TASK DESCRIPTION: From the records below, transcribe only the lines running from the one with "Stony Creek Legacy" through the one with "Peugeot 307 2.0 HDi 5p. XS". Keep both of those end lines.

DATASET CONTENT:
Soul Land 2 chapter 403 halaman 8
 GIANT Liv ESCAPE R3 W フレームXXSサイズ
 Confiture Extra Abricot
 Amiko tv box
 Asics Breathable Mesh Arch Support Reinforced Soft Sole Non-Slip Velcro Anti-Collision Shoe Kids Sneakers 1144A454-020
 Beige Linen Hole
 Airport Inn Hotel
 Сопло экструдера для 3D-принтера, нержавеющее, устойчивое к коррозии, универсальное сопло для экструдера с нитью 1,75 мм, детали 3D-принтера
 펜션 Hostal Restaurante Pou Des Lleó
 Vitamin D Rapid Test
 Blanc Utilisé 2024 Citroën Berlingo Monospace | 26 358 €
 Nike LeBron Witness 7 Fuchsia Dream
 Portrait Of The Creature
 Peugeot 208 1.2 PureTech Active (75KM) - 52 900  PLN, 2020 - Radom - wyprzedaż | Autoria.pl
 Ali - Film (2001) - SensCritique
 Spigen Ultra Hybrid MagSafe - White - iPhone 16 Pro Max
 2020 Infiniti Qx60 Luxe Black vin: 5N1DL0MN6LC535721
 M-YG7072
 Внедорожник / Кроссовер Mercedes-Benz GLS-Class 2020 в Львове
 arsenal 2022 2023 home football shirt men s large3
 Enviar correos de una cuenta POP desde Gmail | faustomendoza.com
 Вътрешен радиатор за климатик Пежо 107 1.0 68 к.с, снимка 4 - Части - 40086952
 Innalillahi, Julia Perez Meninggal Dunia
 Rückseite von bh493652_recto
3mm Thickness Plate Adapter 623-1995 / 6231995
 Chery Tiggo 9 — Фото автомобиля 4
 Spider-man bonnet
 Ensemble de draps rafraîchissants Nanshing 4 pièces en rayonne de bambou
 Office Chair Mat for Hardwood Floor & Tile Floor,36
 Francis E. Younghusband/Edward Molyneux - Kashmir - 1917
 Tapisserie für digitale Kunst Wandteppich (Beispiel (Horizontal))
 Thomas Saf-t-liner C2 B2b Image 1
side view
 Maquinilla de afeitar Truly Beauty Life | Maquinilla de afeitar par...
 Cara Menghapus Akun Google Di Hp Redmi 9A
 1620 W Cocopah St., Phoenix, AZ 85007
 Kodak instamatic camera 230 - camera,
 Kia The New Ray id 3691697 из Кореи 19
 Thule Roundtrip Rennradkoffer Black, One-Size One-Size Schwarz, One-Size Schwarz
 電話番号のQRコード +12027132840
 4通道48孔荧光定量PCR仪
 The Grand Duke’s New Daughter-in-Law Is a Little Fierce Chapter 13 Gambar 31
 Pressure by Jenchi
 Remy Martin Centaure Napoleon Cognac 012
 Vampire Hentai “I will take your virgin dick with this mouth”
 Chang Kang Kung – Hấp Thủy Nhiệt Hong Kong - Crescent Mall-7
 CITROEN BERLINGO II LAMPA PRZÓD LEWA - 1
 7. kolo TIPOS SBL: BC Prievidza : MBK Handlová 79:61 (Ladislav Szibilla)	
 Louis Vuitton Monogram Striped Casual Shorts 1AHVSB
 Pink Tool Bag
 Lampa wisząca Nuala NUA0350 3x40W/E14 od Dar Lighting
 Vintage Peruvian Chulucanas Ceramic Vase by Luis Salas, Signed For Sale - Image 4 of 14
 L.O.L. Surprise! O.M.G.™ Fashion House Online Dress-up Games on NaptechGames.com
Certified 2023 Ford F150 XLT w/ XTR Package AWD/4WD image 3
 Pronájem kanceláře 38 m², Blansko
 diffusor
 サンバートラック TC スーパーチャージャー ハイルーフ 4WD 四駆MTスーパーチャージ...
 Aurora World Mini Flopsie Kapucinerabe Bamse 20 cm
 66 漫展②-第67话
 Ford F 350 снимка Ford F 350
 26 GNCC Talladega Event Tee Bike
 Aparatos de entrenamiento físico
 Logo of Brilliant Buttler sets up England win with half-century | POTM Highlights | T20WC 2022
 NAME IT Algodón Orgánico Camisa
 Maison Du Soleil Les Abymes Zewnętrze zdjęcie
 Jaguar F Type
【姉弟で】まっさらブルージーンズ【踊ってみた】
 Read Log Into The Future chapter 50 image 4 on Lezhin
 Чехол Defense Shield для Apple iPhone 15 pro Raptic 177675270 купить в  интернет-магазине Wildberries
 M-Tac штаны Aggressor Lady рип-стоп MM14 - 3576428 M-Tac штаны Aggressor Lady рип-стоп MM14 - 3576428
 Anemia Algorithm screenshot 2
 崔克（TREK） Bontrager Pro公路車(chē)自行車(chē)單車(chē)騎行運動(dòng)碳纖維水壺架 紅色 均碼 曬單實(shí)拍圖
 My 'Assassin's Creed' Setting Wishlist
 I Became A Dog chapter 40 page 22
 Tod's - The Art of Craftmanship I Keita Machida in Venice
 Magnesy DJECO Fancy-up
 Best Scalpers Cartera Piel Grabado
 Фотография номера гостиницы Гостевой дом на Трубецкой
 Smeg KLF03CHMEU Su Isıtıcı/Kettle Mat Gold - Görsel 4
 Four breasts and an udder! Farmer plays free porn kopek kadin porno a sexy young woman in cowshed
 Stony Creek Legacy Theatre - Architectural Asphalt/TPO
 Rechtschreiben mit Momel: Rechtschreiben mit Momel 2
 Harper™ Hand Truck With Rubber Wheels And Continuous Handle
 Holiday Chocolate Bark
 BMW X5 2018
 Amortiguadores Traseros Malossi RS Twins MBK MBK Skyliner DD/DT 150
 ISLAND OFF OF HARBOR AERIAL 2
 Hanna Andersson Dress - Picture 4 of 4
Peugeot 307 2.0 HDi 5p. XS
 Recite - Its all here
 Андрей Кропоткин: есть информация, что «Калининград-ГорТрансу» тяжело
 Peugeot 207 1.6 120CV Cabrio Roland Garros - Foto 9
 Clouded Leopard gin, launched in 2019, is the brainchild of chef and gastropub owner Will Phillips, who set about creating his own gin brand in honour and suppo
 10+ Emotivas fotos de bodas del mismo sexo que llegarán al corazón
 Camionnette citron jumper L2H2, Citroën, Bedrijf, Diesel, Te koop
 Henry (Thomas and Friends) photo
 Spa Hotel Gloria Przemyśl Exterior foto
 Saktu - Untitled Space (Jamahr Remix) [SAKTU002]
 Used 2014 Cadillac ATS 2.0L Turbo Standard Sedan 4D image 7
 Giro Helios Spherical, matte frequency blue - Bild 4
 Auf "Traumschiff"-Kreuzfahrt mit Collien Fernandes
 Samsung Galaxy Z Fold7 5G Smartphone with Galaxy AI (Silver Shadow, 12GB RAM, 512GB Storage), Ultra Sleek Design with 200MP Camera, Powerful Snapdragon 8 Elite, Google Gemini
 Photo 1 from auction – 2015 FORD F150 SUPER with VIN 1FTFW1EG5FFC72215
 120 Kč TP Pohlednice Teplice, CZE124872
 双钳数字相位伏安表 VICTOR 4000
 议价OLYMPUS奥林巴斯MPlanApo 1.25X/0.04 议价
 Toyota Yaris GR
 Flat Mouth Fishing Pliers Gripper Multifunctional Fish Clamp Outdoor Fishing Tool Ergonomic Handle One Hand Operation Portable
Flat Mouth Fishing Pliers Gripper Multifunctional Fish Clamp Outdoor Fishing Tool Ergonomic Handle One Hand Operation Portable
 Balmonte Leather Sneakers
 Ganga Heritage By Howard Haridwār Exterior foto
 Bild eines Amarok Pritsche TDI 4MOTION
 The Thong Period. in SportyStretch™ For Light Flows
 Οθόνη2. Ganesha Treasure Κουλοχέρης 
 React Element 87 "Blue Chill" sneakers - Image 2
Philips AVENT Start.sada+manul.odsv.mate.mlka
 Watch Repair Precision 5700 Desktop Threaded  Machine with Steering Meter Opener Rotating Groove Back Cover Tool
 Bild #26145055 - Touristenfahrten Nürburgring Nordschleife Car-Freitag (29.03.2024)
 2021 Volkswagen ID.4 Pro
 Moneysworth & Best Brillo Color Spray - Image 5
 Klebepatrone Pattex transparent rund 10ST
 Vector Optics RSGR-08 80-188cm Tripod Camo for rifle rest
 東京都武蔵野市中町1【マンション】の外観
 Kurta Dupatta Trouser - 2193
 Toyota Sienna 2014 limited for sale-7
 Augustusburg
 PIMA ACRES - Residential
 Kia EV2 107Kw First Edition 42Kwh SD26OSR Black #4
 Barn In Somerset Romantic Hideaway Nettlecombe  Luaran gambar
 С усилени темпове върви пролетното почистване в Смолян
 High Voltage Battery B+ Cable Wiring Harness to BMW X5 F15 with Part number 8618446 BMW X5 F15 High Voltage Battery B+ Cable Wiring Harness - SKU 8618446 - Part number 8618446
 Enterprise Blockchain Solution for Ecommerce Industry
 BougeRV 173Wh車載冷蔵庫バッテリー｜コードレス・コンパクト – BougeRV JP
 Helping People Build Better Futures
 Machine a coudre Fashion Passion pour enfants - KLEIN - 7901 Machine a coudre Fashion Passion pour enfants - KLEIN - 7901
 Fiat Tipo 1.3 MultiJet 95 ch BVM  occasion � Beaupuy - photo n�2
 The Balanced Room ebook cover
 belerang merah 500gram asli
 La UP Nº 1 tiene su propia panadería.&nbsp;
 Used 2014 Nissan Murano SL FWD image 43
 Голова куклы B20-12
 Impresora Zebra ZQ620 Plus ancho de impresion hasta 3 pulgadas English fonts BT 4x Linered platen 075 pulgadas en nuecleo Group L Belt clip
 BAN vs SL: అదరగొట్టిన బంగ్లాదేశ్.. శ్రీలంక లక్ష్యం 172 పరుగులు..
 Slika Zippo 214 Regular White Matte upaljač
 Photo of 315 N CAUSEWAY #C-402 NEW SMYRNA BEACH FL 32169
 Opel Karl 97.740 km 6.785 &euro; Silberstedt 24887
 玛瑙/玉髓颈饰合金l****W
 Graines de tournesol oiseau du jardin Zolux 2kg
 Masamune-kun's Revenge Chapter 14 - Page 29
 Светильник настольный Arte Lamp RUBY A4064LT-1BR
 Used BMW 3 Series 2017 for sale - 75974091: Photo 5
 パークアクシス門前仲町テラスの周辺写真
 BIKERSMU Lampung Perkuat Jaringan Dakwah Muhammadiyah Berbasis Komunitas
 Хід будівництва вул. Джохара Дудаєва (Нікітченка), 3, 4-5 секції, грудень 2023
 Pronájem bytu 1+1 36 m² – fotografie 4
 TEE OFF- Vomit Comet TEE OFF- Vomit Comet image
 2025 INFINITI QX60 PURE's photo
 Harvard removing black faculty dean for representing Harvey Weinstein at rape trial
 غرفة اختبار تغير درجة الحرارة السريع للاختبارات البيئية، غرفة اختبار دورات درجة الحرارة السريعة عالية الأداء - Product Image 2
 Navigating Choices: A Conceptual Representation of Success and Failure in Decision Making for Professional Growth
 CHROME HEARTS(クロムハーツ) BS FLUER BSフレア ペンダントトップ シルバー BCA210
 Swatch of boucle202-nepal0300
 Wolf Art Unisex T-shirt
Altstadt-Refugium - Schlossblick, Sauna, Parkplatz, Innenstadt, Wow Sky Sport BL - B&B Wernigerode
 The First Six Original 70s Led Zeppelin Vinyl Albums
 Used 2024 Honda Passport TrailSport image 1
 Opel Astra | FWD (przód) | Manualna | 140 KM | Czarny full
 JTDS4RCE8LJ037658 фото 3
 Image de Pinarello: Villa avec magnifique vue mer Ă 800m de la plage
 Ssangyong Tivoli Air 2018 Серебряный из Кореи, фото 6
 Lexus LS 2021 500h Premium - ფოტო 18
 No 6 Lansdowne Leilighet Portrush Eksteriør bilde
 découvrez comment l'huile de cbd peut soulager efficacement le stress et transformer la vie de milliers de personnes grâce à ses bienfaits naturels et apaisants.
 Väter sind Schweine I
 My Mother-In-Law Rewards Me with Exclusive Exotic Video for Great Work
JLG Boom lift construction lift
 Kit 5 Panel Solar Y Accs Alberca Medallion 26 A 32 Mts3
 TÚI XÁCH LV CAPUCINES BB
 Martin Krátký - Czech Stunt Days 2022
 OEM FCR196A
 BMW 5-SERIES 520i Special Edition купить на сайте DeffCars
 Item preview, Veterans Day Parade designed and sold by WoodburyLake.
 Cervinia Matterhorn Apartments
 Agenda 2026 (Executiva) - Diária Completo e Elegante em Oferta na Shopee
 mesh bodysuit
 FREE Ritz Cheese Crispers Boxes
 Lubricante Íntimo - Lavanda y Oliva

ANSWER BOX:
 Stony Creek Legacy Theatre - Architectural Asphalt/TPO
 Rechtschreiben mit Momel: Rechtschreiben mit Momel 2
 Harper™ Hand Truck With Rubber Wheels And Continuous Handle
 Holiday Chocolate Bark
 BMW X5 2018
 Amortiguadores Traseros Malossi RS Twins MBK MBK Skyliner DD/DT 150
 ISLAND OFF OF HARBOR AERIAL 2
 Hanna Andersson Dress - Picture 4 of 4
Peugeot 307 2.0 HDi 5p. XS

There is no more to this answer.